Thread Subject: fitting a Gamma cdf to my data

Subject: fitting a Gamma cdf to my data

From: Mohammad Monfared

Date: 7 Oct, 2008 19:46:01

Message: 1 of 4

I'm interested in fitting a Gamma cdf to my data which looks like:
particle_size=[2 50 ... 2000]
particle_fraction=[0.08 0.2 ... 1]

how can I do this jos?
thanks,
Reza

Subject: fitting a Gamma cdf to my data

From: Tom Lane

Date: 8 Oct, 2008 19:49:24

Message: 2 of 4

> I'm interested in fitting a Gamma cdf to my data which looks like:
> particle_size=[2 50 ... 2000]
> particle_fraction=[0.08 0.2 ... 1]

 Reza, the following demo contains a section showing one way to fit a gamma
distribution:

http://www.mathworks.com/products/statistics/demos.html?file=/products/demos/shipping/stats/cdffitdemo.html

The point of this demo is to offer an alternative to maximum likelihood
estimation, especially in cases where mle doesn't work.

If the variables you describe above are just a summary of some other data,
and if you can get at that other data, I recommend you do that instead.
Then you can use gamfit to get the maximum likelihood estimates.

Even if you can't get raw data, you could maximize the likelihood based on
this summary data. Here's an example, where I generate some gamma data but
retain only bin centers and cumulative frequencies. I can use fminsearch to
mimimize the negative log likelihood weighted by the frequencies. The blue
things are the raw data and a fit based on them, the red things are the
binned data and a fit based on the bin frequencies.

% Raw data with fit
x = gamrnd(2,100,100,1);
p1 = gamfit(x)

% Summary data with fit
[n,c] = hist(x); % c = rounded data
F = cumsum(n/sum(n)); % F = cumulative proportions
f = diff([0,F]); % f = proportions
p2 = fminsearch(@(ab) -sum(f.*log(gampdf(c,ab(1),ab(2)))),[1,mean(c)])

% How does it look?
ecdf(x); line(xx,gamcdf(xx,p1(1),p1(2)),'linestyle',':')
hold on; set(stairs(c,F),'color','r'); hold off
line(xx,gamcdf(xx,p2(1),p2(2)),'color','r','linestyle',':')

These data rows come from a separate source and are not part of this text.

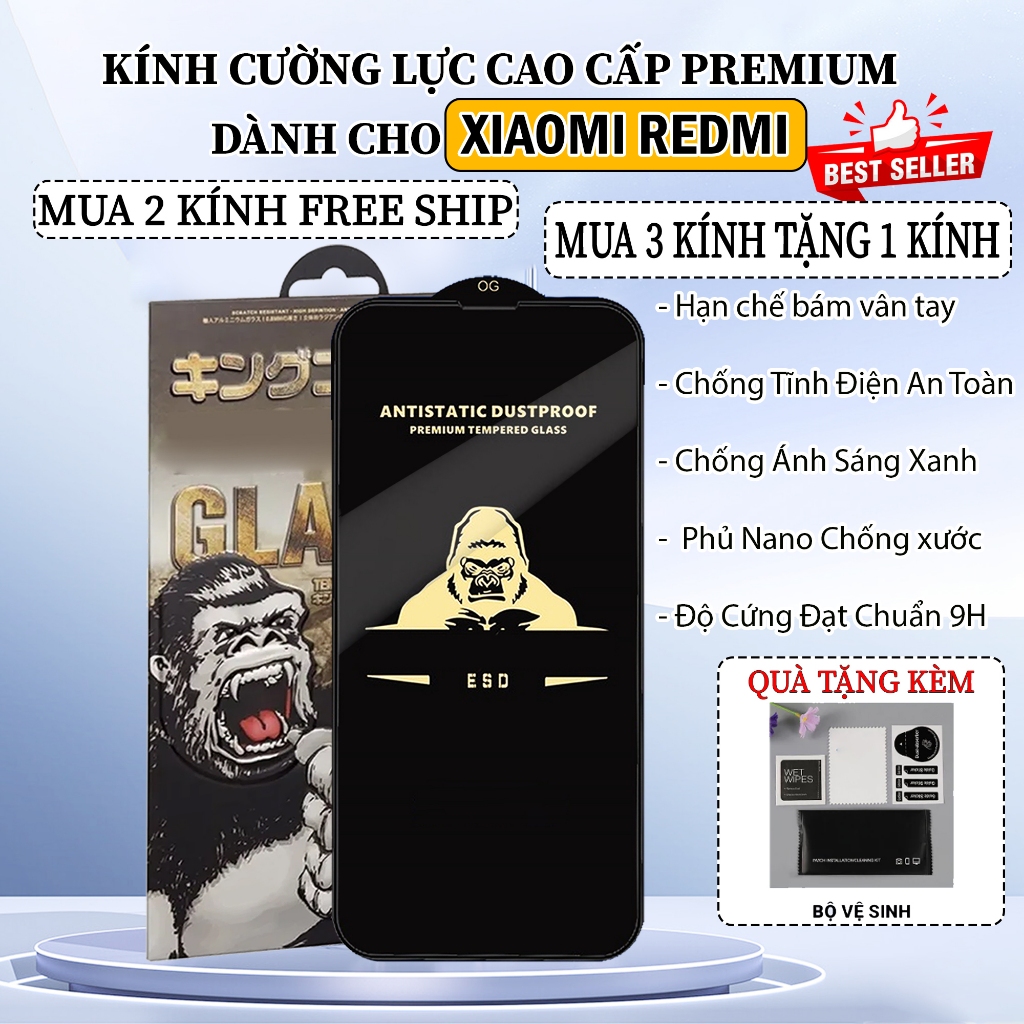 Kính cường lực Xiaomi Redmi A3 / A3X full màn, bảo vệ màn hình - CLOVER CASE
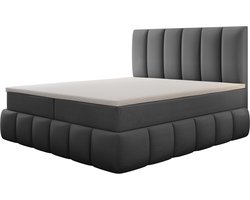 Meuba Home - Bali Boxspring - Grijs - 160x200 - Cremona Stof - Met topper 8cm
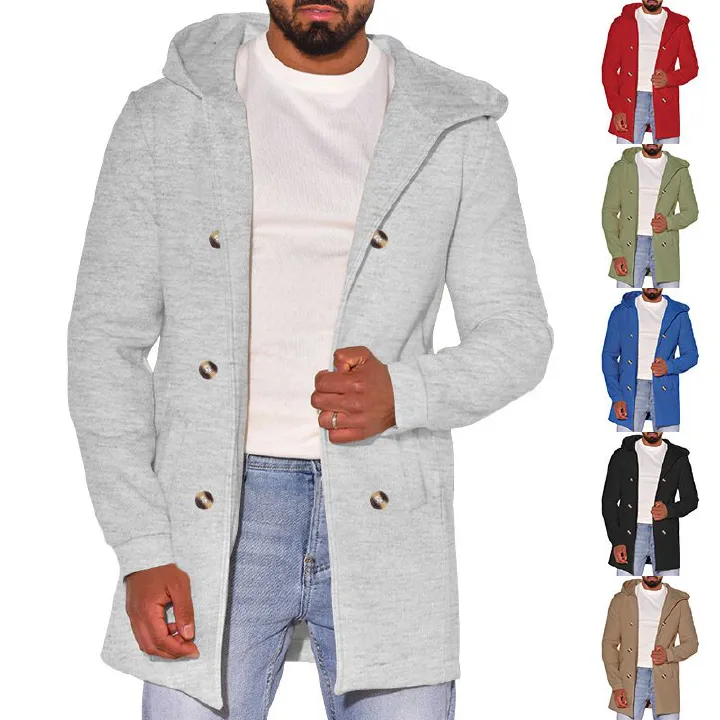 Hot Selling Men s Clothes Casual Solid Color Long Sleeve Basic Hoodies Jacket Coat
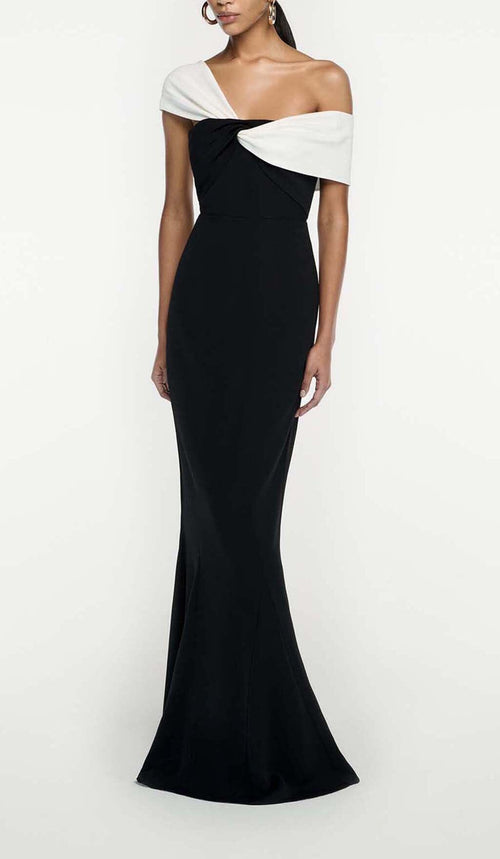 Asymmetric Off-The-Shoulder Maxi Dress In Black Flowering Girl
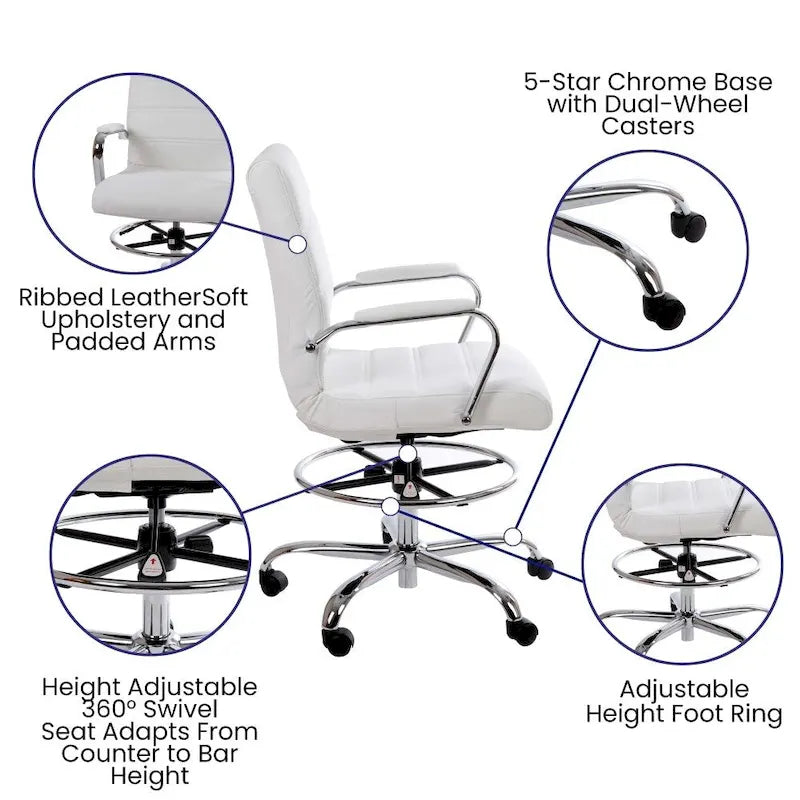 Mid-Back Drafting Chair with Adjustable Foot Ring – White / Black, LeatherSoft, Chrome Base, Single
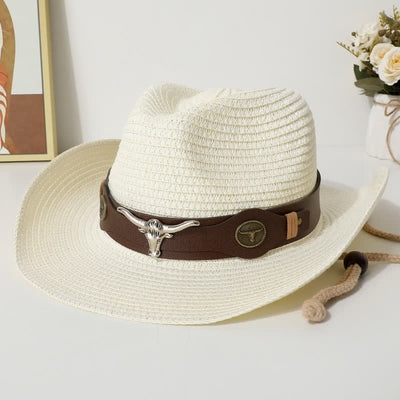 Cattle Decor Summer Beach Sunscreen Straw Hat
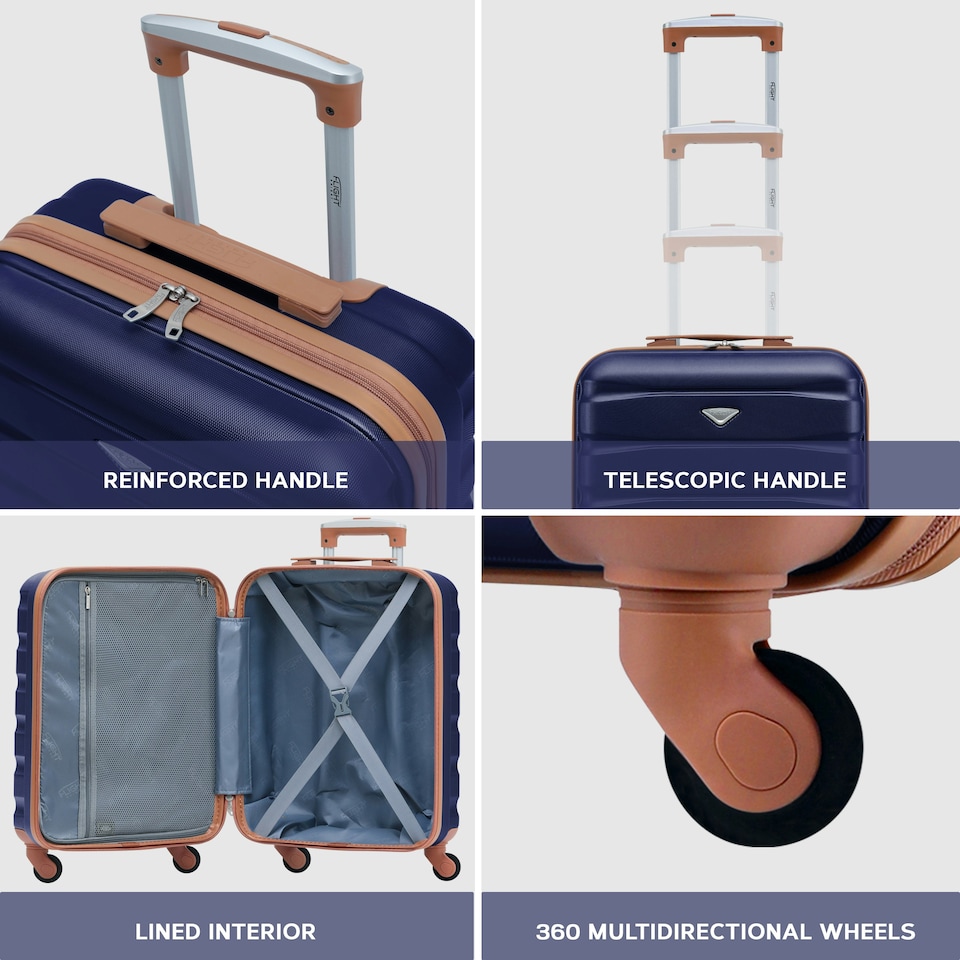 image 1 of 55x40x20cm Ryanair (Priority) TUI, Carry on Cabin Suitcase Hard Shell Approved for 60+ Airlines Blue | Navy/Tan | Cabin Bag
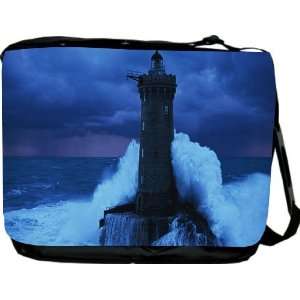  Lighthouse at Sunset Design Messenger Bag   Book Bag 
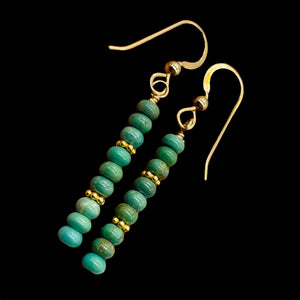 Unique Natural USA Blue Turquoise 14K Gold Filled Earrings | 2" Long |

This doesn't give you any measures of uncertainty for the estimates. But
I'm not sure how I'd compute those anyway, given that you don't seem to have
a notion of a "sample size" in your example.

-- Tom

Subject: fitting a Gamma cdf to my data

From: aasim Azooz

Date: 9 Oct, 2008 13:53:14

Message: 3 of 4

"Mohammad Monfared" <gohardoust@gmail.com> wrote in message <gcge9p$sfv$1@fred.mathworks.com>...
> I'm interested in fitting a Gamma cdf to my data which looks like:
> particle_size=[2 50 ... 2000]
> particle_fraction=[0.08 0.2 ... 1]
>
> how can I do this jos?
> thanks,
> Reza

Dear Reza
Can you tell me what do you mean by cdf? is it a Gamma function of some type I may help you
Aasim Azooz

Subject: fitting a Gamma cdf to my data

From: Mohammad Monfared

Date: 9 Oct, 2008 21:33:01

Message: 4 of 4

"aasim Azooz" <aasimazooz@yahoo.com> wrote in message <gcl2c9$i8$1@fred.mathworks.com>...
>
> Dear Reza
> Can you tell me what do you mean by cdf? is it a Gamma function of some type I may help you
> Aasim Azooz

Hi,
cdf is for Cumulative Density Function.
my data are about soil particle size and their fraction in a sample. for a soil sample, I have:

p_size=[2 50 106 250 500 1000 2000]
p_fraction=[0.0300 0.1700 0.2790 0.7350 0.9210 0.9940 1.0020]

which says e.g. 27.90% of our soil particles size is less than 106. I don't know how to prepare them for 'gamfit' function (if possible).
as a graph:
stairs([0 p_size],[p_fraction 1.0020])

And thanks Tom, for your explanatory answer!